A non-limiting example of a model for detection of abnormal portion or anomaly detection, is a denoising autoencoder. For example, the autoencoder described in “Denoising Autoencoders for Unsupervised Anomaly Detection in Brain MRI”, by O'Neil et al, Proceedings of The 5th International Conference on Medical Imaging with Deep Learning, the content of which are hereby incorporated by reference. Such an example has a U-Net structure (as described at Section 4.3 and Appendix A) and is trained on a dataset of healthy brain MRI scans (4 sequences each: T1, T1Gd, T2, FLAIR).

The encoder-decoder architecture has three downsampling/upsampling stages. Each encoder stage consists of two weight-standardized convolutions with kernel sizes of 3 and 64, 128, 256 output channels for the three stages respectively followed by Swish activations and group normalization. Average 2×2 pooling is used for downsampling. The decoder architecture mirrors the encoder in reverse, using transposed convolutional layers for up-sampling.

In the above described method, application of the deep-learning model, for example, a denoising autoencoder and encoder model, a learned per-pixel anomaly score is output. In some models, a comparison between image and a normal distribution is performed. Each pixel/voxel of the heatmap has an anomaly score having a value that represents or indicates a probability that the pixel or voxel is anomalous.

the method is a heatmap based approach which involves generating pixel level heatmaps based on the difference between the image and the normal distribution.

As such, the application of the model allows for the identification of abnormal portions without any classification or labelling being performed solely based on the spatial distribution.

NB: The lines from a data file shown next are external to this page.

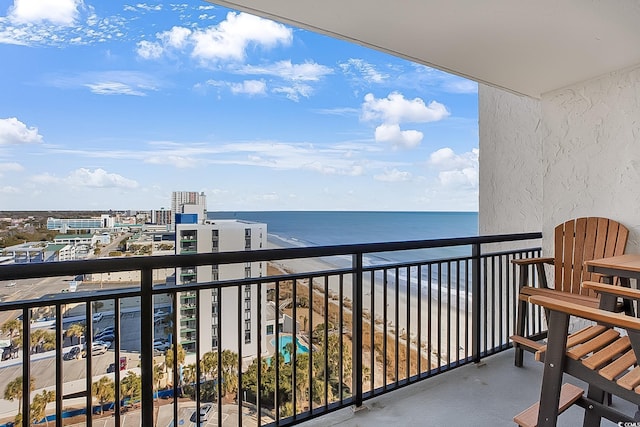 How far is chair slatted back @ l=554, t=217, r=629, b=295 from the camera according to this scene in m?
2.60

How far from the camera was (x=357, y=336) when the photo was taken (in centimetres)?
196

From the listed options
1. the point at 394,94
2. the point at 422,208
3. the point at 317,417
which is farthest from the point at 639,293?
the point at 422,208

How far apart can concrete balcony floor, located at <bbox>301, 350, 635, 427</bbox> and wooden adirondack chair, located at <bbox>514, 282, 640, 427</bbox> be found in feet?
1.42

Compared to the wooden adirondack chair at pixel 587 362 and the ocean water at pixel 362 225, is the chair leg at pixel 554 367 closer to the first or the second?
the wooden adirondack chair at pixel 587 362

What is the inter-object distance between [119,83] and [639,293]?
18.3m

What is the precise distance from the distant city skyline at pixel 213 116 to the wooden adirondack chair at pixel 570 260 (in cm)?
619

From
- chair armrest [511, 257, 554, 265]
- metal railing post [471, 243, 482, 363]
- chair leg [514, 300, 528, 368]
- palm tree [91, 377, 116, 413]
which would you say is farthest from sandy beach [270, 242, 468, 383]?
palm tree [91, 377, 116, 413]

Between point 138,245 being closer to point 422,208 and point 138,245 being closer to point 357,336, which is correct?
point 357,336

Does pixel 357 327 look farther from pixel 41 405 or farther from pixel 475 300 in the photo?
pixel 41 405

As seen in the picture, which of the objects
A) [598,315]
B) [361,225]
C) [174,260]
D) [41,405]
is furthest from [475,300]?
[361,225]

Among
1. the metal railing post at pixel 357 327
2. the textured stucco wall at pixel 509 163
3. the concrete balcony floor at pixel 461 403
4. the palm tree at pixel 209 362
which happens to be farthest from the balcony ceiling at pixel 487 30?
the palm tree at pixel 209 362

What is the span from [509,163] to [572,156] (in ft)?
3.20

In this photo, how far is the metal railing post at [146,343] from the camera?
1.41 m

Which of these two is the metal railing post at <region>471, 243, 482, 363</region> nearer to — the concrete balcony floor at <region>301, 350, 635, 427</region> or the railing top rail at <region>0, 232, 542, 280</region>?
the concrete balcony floor at <region>301, 350, 635, 427</region>
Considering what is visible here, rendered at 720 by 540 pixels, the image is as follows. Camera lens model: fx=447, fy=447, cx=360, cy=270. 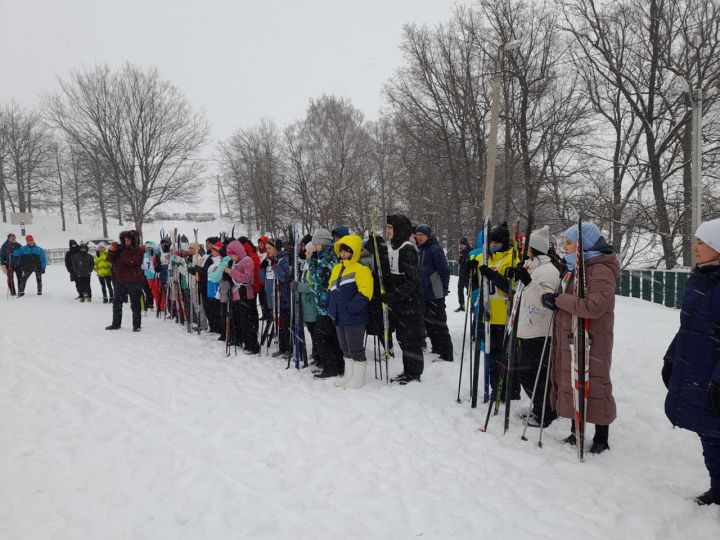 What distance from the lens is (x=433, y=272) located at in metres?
6.23

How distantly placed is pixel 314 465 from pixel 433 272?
3.34 metres

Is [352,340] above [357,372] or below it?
above

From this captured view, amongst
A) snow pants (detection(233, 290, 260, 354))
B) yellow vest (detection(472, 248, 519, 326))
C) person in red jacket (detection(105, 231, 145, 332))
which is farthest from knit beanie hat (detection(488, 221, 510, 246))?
person in red jacket (detection(105, 231, 145, 332))

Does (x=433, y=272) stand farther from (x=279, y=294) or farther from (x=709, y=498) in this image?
(x=709, y=498)

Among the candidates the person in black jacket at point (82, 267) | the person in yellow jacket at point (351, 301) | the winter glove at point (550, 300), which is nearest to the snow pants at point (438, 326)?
the person in yellow jacket at point (351, 301)

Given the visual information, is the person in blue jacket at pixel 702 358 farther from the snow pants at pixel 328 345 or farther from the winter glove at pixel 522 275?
the snow pants at pixel 328 345

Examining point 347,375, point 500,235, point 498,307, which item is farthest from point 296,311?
point 500,235

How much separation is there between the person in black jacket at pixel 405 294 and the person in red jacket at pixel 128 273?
5.89 metres

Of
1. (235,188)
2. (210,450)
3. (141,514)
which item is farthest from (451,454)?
(235,188)

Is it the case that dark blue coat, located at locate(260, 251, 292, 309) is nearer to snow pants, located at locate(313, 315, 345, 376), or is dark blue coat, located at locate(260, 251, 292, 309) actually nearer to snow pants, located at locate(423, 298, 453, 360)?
snow pants, located at locate(313, 315, 345, 376)

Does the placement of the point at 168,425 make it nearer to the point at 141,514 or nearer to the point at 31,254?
the point at 141,514

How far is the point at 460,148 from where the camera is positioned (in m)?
25.6

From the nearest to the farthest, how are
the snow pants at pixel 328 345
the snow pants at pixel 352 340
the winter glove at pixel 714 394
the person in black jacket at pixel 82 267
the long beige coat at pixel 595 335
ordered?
the winter glove at pixel 714 394, the long beige coat at pixel 595 335, the snow pants at pixel 352 340, the snow pants at pixel 328 345, the person in black jacket at pixel 82 267

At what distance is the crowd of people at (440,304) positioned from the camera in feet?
9.46
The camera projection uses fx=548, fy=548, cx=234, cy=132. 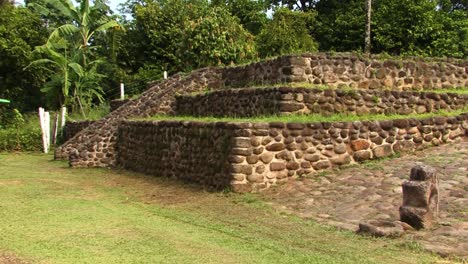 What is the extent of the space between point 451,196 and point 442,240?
1.82 meters

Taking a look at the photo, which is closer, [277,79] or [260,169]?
[260,169]

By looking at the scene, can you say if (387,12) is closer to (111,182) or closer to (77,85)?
(77,85)

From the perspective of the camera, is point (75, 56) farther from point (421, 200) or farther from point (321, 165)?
point (421, 200)

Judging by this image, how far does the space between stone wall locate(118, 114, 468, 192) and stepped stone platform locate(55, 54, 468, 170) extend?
7.01ft

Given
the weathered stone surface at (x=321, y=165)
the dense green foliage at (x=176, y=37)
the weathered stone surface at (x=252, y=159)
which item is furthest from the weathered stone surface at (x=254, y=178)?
the dense green foliage at (x=176, y=37)

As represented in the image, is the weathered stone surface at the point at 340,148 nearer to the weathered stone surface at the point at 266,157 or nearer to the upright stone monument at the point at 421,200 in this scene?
the weathered stone surface at the point at 266,157

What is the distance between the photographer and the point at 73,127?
21.2 meters

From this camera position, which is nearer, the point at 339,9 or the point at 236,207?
the point at 236,207

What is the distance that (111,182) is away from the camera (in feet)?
39.8

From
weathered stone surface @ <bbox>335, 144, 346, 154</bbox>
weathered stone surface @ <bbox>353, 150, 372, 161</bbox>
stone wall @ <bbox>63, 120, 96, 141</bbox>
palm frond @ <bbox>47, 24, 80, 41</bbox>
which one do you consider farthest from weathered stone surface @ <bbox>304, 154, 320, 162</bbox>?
palm frond @ <bbox>47, 24, 80, 41</bbox>

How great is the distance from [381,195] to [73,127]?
15.6 meters

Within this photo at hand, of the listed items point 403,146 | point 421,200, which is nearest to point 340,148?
point 403,146

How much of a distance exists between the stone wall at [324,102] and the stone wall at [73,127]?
301 inches

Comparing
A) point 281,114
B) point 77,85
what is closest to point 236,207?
point 281,114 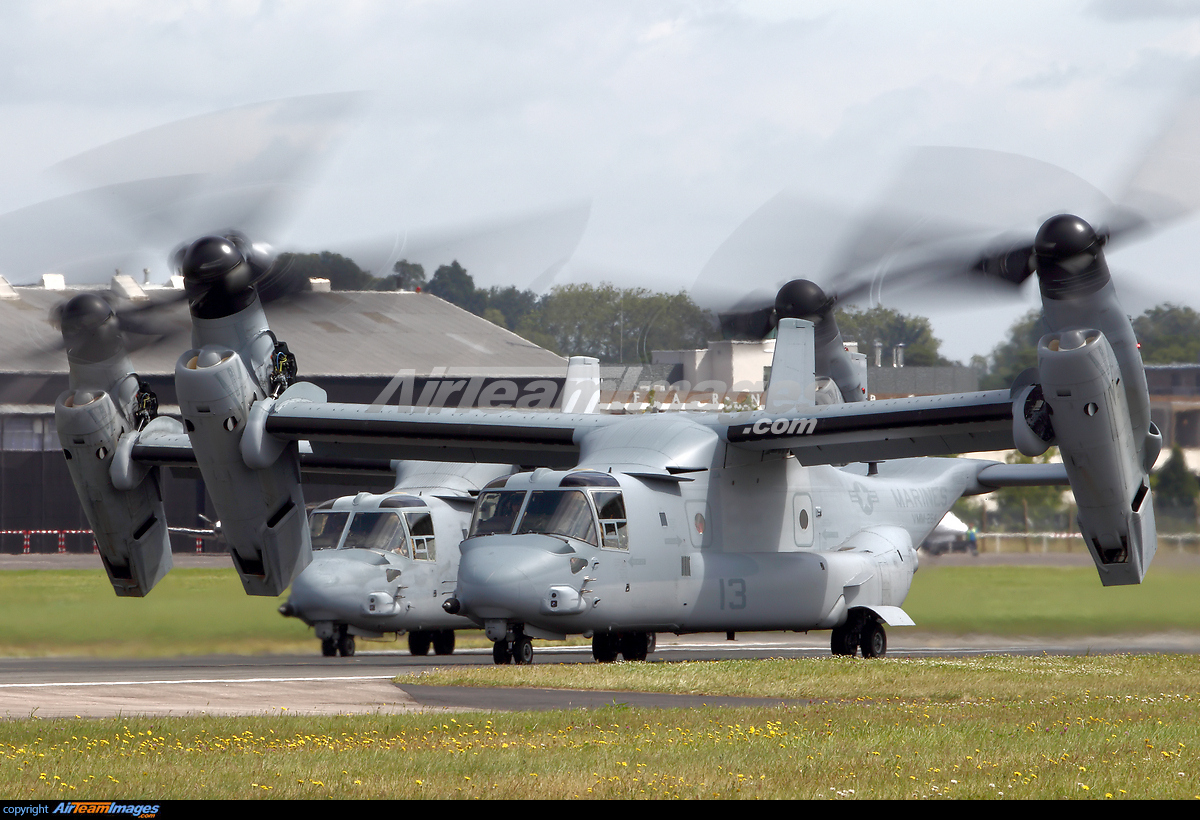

In some embodiments, applying the model comprises comparing the image data to an average or normal spatial distribution of the region of interest, as learned from training data of healthy subjects and identifying abnormal regions based on the comparison. In some embodiments, each pixel/voxel has a value representing the degree of difference over the learned normal distribution.

In some embodiments, the abnormal portions are identified by applying a number of different threshold levels. It will be understood that high threshold would capture only the most likely anomalous regions. For example, if a high threshold yielded two anomalous regions but three entities were extracted from the corresponding radiology report, the threshold for identifying the anomalous regions may be lowered to identify also weaker candidate anomalies.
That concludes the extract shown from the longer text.